Market Performance Under Different Prime Ministers

A recent compilation of market performance under various Indian prime ministers over the past 35 years offers some intriguing insights. The data covers market gains during each prime minister’s term, highlighting the different periods and their respective market outcomes. This analysis can help understand how political leadership influences market trends.

Source : Ishmohit Arora (SOIC)

Market Gains Under Different Leaders

Starting with VP Singh, who served for 0.9 years, the market saw a significant rise of 95.6%. During the Harshad Mehta period, under Chandrasekhar, who was in office for 0.6 years, the market performance was also notable. Narasimha Rao, who initiated the opening up of the Indian economy in 1991, saw the market gain 180% over his five-year term.

Atal Bihari Vajpayee’s tenure from 1998 to 2004 saw a relatively modest gain of 30%. This period stands out as one of the slower growth phases in the market. In contrast, Dr. Manmohan Singh, who served from 2004 to 2009, matched Rao’s performance with another 180% gain. During Singh’s second term from 2009 to 2014, the market rose by 78%.

Prime Minister Narendra Modi’s first term saw a 61% gain, and his second term recorded an 82% increase. When looking at five-year periods, the market gains have varied between 60% and 180%. This fluctuation is influenced by global fund flows towards emerging markets and other underlying investment conditions.

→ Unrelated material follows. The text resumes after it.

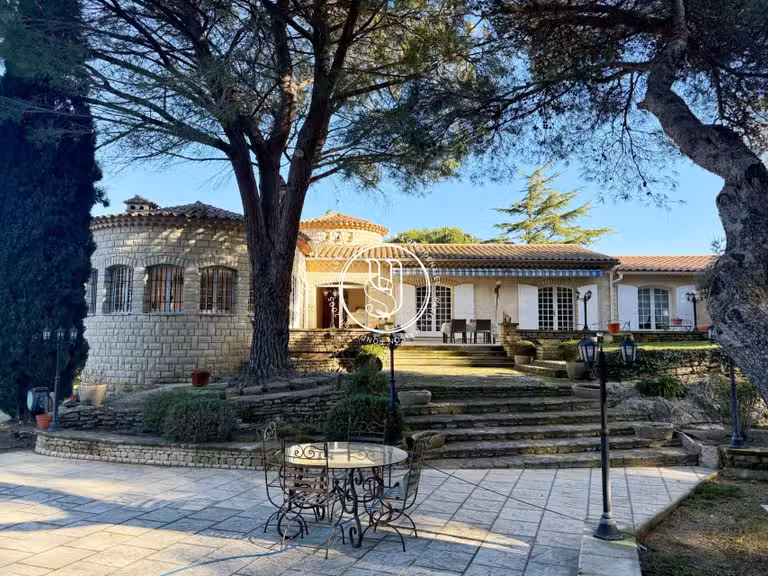 Villa Saint-Rémy-de-Provence - 3 chambres - 180m²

Stability Despite Political Changes

One key takeaway from this data is that it would take significant effort for any prime minister to derail India’s economic story. Despite political changes, the market machinery tends to function well, showing resilience. The performance differences between the major parties are not drastically different in terms of market outcomes.

Consistent Growth Over the Years

In the last 15 years, the market has consistently gained about 60% to 70% every five years, translating to a compound annual growth rate (CAGR) of around 12%. This period includes the significant emerging market rush between 2004 and 2008, contributing to these gains. While political events can cause temporary fluctuations, the long-term growth trajectory remains positive.

There is often concern about the potential impact on market stability. However, historical data suggests that market performance is not heavily dependent on the political party in power. The next five years also look promising for India’s growth story, reinforcing the importance of focusing on long-term investment strategies.